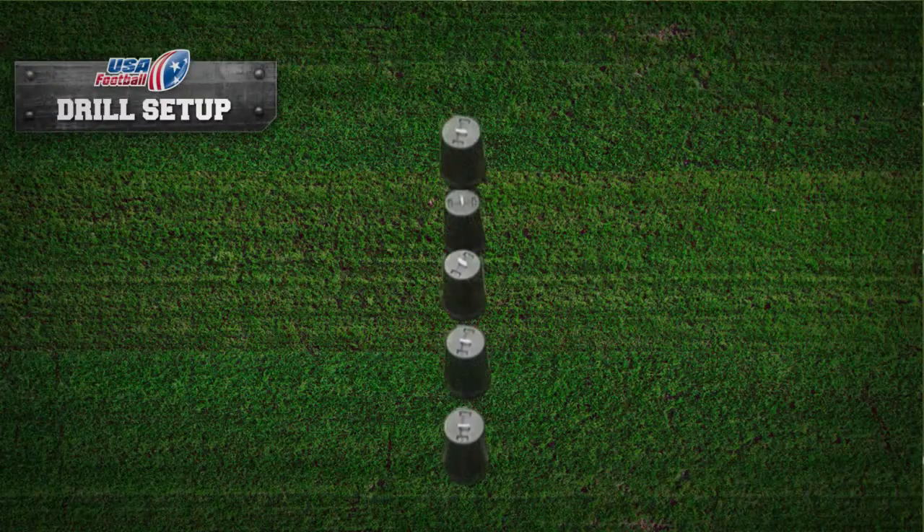Drill Setup. Place five trash cans in a single file line with approximately one to two yards in between. You want to keep the drill in tight, small spaces to force sharp, snappy hip explosion, but vary the size depending on how big your players are.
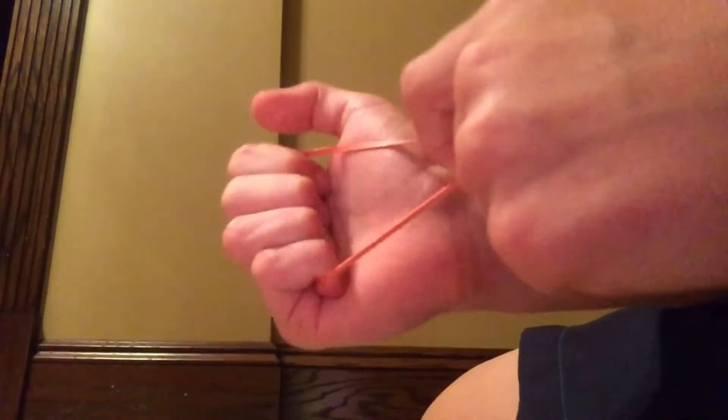All you do is you put it right here, and then you put it like that, then you put it like that — so on forward of the fingers — like that, and then it will do that.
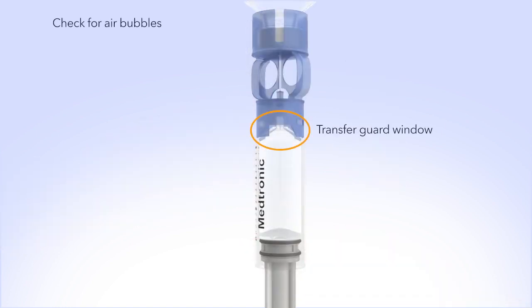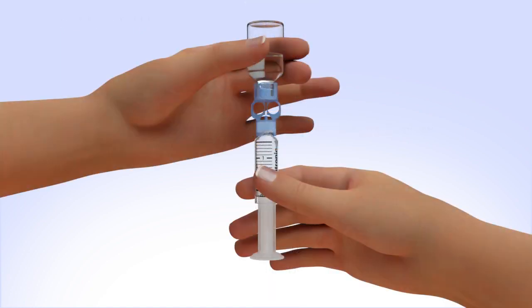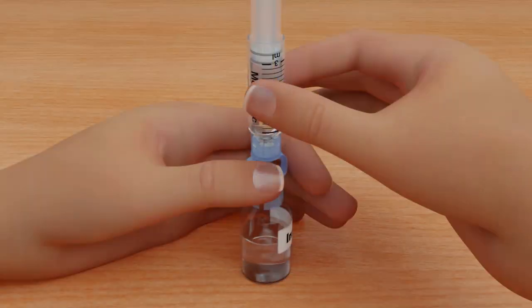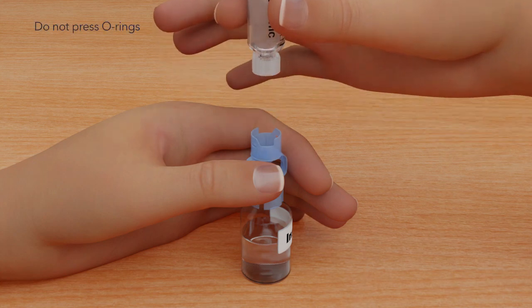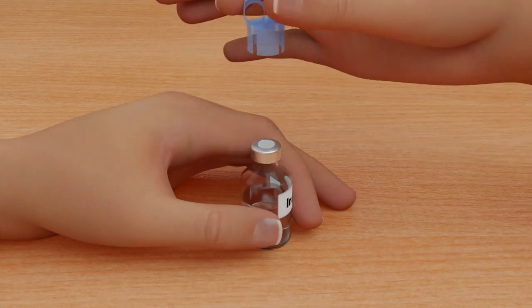Look in the window of the blue transfer guard to make sure no air bubbles remain. To avoid getting liquid on the top of the reservoir, flip the vial over so it is upright. With the vial down on the table, hold the transfer guard with one hand. With your other hand, turn the reservoir counterclockwise and then pull straight up to remove it from the transfer guard. Be careful not to press on the o-rings. Disconnect the transfer guard from the vial and dispose of it properly.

Task requirements: Exclude the pictures and give back the rest of the data above exactly as written.

Answer section:
Drill Setup. Place five trash cans in a single file line with approximately one to two yards in between. You want to keep the drill in tight, small spaces to force sharp, snappy hip explosion, but vary the size depending on how big your players are.
All you do is you put it right here, and then you put it like that, then you put it like that — so on forward of the fingers — like that, and then it will do that.
Look in the window of the blue transfer guard to make sure no air bubbles remain. To avoid getting liquid on the top of the reservoir, flip the vial over so it is upright. With the vial down on the table, hold the transfer guard with one hand. With your other hand, turn the reservoir counterclockwise and then pull straight up to remove it from the transfer guard. Be careful not to press on the o-rings. Disconnect the transfer guard from the vial and dispose of it properly.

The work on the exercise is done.